*** Extracted data ***
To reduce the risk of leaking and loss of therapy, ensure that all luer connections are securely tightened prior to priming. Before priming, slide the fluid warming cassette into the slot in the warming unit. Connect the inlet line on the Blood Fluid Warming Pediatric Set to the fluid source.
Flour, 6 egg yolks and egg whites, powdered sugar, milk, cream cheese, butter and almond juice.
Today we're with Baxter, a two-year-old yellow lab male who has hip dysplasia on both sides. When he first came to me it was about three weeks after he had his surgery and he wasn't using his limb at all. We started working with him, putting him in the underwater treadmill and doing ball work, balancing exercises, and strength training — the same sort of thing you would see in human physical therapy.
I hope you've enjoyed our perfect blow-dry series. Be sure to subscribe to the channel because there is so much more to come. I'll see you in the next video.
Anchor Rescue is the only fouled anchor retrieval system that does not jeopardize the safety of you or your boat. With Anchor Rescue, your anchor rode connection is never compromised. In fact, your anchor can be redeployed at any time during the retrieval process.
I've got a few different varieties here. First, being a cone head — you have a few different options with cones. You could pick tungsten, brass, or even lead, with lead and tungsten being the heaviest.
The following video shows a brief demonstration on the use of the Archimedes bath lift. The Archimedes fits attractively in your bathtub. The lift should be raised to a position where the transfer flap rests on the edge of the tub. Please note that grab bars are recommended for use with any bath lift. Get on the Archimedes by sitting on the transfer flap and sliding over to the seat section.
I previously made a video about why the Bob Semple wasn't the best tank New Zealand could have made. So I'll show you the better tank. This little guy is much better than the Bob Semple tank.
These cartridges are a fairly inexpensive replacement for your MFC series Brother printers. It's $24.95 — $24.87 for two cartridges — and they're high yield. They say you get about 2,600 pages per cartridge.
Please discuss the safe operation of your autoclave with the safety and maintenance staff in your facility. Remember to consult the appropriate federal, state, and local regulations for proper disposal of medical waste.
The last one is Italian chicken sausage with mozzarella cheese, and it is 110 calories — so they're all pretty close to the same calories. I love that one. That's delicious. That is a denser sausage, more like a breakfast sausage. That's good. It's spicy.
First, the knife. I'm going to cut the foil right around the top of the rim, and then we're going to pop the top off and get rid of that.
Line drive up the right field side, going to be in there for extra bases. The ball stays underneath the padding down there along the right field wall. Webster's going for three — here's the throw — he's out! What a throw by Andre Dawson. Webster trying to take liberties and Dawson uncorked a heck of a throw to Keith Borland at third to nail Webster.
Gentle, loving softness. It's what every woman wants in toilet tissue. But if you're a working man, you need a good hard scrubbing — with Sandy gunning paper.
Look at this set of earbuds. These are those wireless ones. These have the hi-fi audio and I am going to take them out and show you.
*** End of Extracted data ***
What you should do ->
The records above should be restated word for word in their entirety.

Written solution ->
To reduce the risk of leaking and loss of therapy, ensure that all luer connections are securely tightened prior to priming. Before priming, slide the fluid warming cassette into the slot in the warming unit. Connect the inlet line on the Blood Fluid Warming Pediatric Set to the fluid source.
Flour, 6 egg yolks and egg whites, powdered sugar, milk, cream cheese, butter and almond juice.
Today we're with Baxter, a two-year-old yellow lab male who has hip dysplasia on both sides. When he first came to me it was about three weeks after he had his surgery and he wasn't using his limb at all. We started working with him, putting him in the underwater treadmill and doing ball work, balancing exercises, and strength training — the same sort of thing you would see in human physical therapy.
I hope you've enjoyed our perfect blow-dry series. Be sure to subscribe to the channel because there is so much more to come. I'll see you in the next video.
Anchor Rescue is the only fouled anchor retrieval system that does not jeopardize the safety of you or your boat. With Anchor Rescue, your anchor rode connection is never compromised. In fact, your anchor can be redeployed at any time during the retrieval process.
I've got a few different varieties here. First, being a cone head — you have a few different options with cones. You could pick tungsten, brass, or even lead, with lead and tungsten being the heaviest.
The following video shows a brief demonstration on the use of the Archimedes bath lift. The Archimedes fits attractively in your bathtub. The lift should be raised to a position where the transfer flap rests on the edge of the tub. Please note that grab bars are recommended for use with any bath lift. Get on the Archimedes by sitting on the transfer flap and sliding over to the seat section.
I previously made a video about why the Bob Semple wasn't the best tank New Zealand could have made. So I'll show you the better tank. This little guy is much better than the Bob Semple tank.
These cartridges are a fairly inexpensive replacement for your MFC series Brother printers. It's $24.95 — $24.87 for two cartridges — and they're high yield. They say you get about 2,600 pages per cartridge.
Please discuss the safe operation of your autoclave with the safety and maintenance staff in your facility. Remember to consult the appropriate federal, state, and local regulations for proper disposal of medical waste.
The last one is Italian chicken sausage with mozzarella cheese, and it is 110 calories — so they're all pretty close to the same calories. I love that one. That's delicious. That is a denser sausage, more like a breakfast sausage. That's good. It's spicy.
First, the knife. I'm going to cut the foil right around the top of the rim, and then we're going to pop the top off and get rid of that.
Line drive up the right field side, going to be in there for extra bases. The ball stays underneath the padding down there along the right field wall. Webster's going for three — here's the throw — he's out! What a throw by Andre Dawson. Webster trying to take liberties and Dawson uncorked a heck of a throw to Keith Borland at third to nail Webster.
Gentle, loving softness. It's what every woman wants in toilet tissue. But if you're a working man, you need a good hard scrubbing — with Sandy gunning paper.
Look at this set of earbuds. These are those wireless ones. These have the hi-fi audio and I am going to take them out and show you.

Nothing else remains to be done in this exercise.